Several breakthrough device manufacturers suggested that, for inclusion in MCIT, a portion of FDA pivotal studies should include a portion of Medicare beneficiaries. One breakthrough device manufacturer suggested that 25 percent of patients in the pivotal study should be Medicare beneficiaries for MCIT. Otherwise, CED would be more appropriate. Response.

We agree that for breakthrough devices for which studies did not include Medicare populations or populations with characteristics similar to the Medicare population CED or a similar evidence development process would strengthen the evidence base relevant to Medicare patients. In past NCDs, we have leveraged FDA required post-market studies in CED decisions. In contrast to the NCD process which involves a robust review of available clinical evidence, especially for the Medicare population, to determine whether the item or service is reasonable and necessary for Medicare beneficiaries, the current MCIT pathway in the MCIT/R&N final rule establishes a 4-year coverage commitment for all breakthrough devices that have a benefit category without a specific requirement that the device must demonstrate a health benefit or that the benefits outweigh harms in the Medicare population. In general, Medicare patients have more comorbidities and often require additional and higher acuity clinical treatments which may impact the outcomes differently than the usual patients enrolled in early studies.

Medicare has also focused on real world data or implementation studies to understand how items and services perform when more broadly used in general practice in the Medicare population. These considerations are often not addressed in the early device development process. We also note that FDA grants breakthrough designation early in a device's product lifecycle. In part, the FDA considers “whether there is a reasonable expectation that a device could provide for more effective treatment or diagnosis relative to the current standard of care (SOC) in the U.S.

A complete set of clinical data is not required for designation.” [] At the time a device is granted breakthrough status by the FDA, little may be known about the benefits and harms of the device. We recognize the importance of breakthrough technologies that provide for more effective treatment of life-threatening and irreversibly debilitating diseases and conditions when no effective treatment exists. In cases where there is greater uncertainty surrounding the benefit-risk profile of a breakthrough device, some commenters have suggested that more relevant evidence is needed for Medicare patients to determine health benefit, to mitigate harms that may not be apparent in initial studies with small sample sizes, and to understand the balance of benefits and harms when breakthrough devices are used more broadly in Medicare patients. The additional delay announced in this rule will provide an opportunity to ensure that the objections to the rule are adequately considered.

We will consider ways to diminish uncertainty with respect to Medicare coverage by building upon the evidence foundation established during the market authorization process or combining that evidence with other approaches like CED to expedite coverage in appropriate instances. For CMS, the evidence base underlying the FDA's decision to approve or clear a device for particular indications for use has been crucial for determining Medicare coverage through the NCD process. CMS looks to the evidence supporting FDA market authorization and the device indications for use for evidence generalizable to the Medicare population, data on improvement in health outcomes, and durability of those outcomes. If there are no data on those elements, it is difficult for CMS to make an evidence-based decision whether the device is reasonable and necessary for the Medicare population.
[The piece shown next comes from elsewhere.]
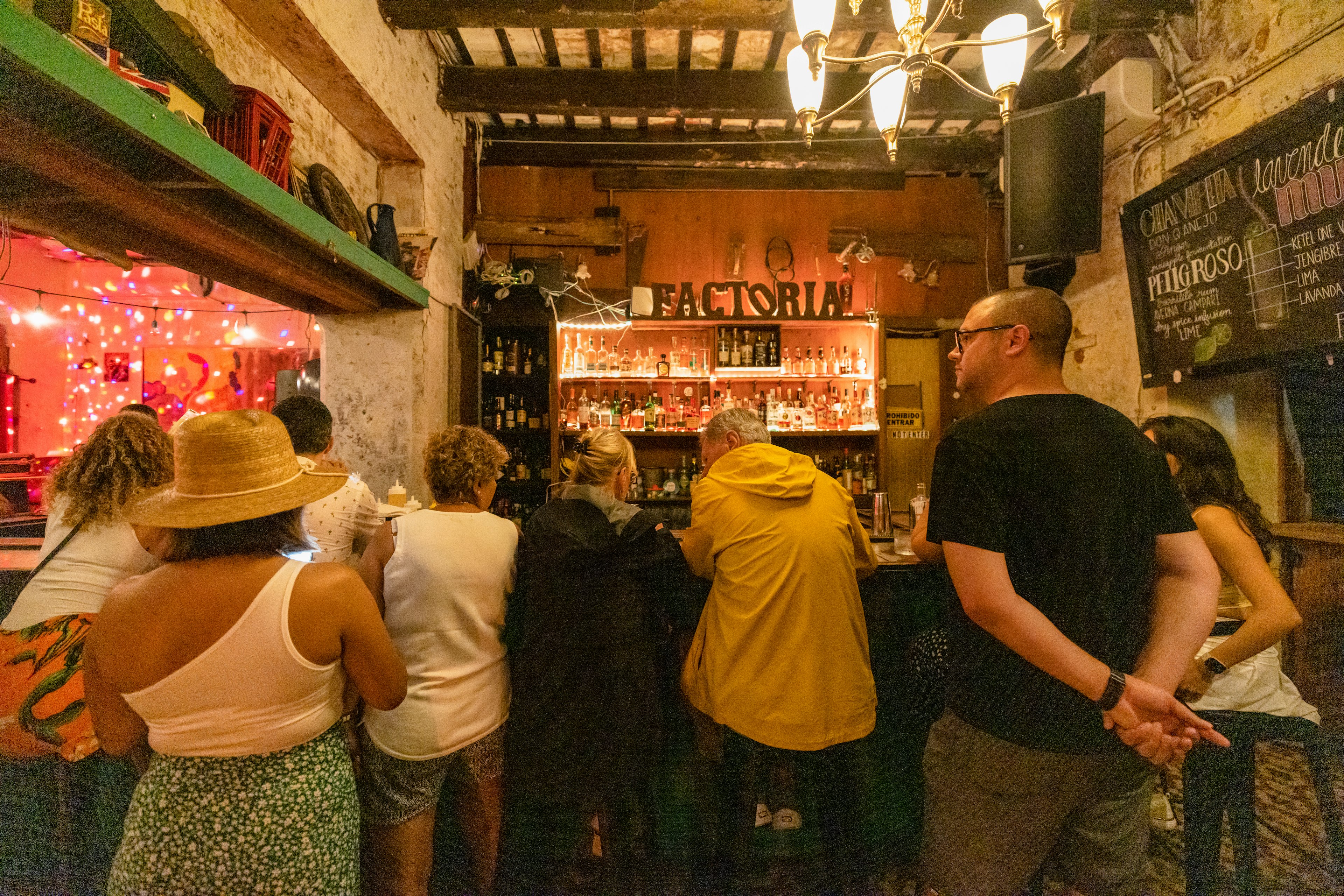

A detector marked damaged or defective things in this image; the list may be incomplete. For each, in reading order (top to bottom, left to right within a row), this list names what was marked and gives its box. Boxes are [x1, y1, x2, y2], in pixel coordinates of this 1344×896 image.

peeling plaster wall [154, 0, 462, 505]
peeling plaster wall [1048, 2, 1344, 518]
The current MCIT/R&N final rule does not specify any coverage criteria beyond the FDA indication(s) for use for which FDA has approved or cleared the device. The current final rule would provide coverage when a device is used according to approved or cleared indication(s) for use. A device's approved or cleared indications for use may not include information that is important or particularly relevant for Medicare patients and clinicians when making treatment decisions. With breakthrough devices, as mentioned by some commenters, the patients included in device studies generally are not Medicare beneficiaries who often have multiple comorbidities and higher acuity of illness.

The data used to determine whether a device meets applicable FDA safety Start Printed Page 26851and effectiveness requirements for its approved or cleared indication(s) for use may not be able to answer questions such as the following. Does the benefit differ for older and/or frailer patients with specific comorbidities?. Are clinician experience or facility requirements needed to ensure good health outcomes or to prevent certain harms in those patients?. These guidelines and recommendations have often been part of NCDs, but were not included in the MCIT policy.
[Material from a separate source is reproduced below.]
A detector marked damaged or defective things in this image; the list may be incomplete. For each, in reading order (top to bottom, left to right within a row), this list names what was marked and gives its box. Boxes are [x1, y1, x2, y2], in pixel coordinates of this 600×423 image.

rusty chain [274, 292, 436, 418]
When making NCDs, CMS sometimes develops clinician and institutional requirements after careful review of expert physicians' specialty society guidelines and clinical study results. Additional rulemaking may provide a further opportunity for the public to opine on whether these types of restrictions are needed when covering breakthrough devices. Comment. Manufacturers acknowledged the need to develop evidence to achieve long-term coverage, and many indicated their intent to develop real world evidence (RWE).

Some stated that MCIT would incentivize manufacturers to develop RWE following market authorization and sought guidance from CMS on desired elements. Response. Whether evidence development is voluntary or required for coverage, we value manufacturer, CMS, and FDA coordination on RWE development for coverage and/or post-market studies. Establishing the RWE guidance sought by manufacturers and some physicians would be beneficial and that further stakeholder engagement would best inform the guidance.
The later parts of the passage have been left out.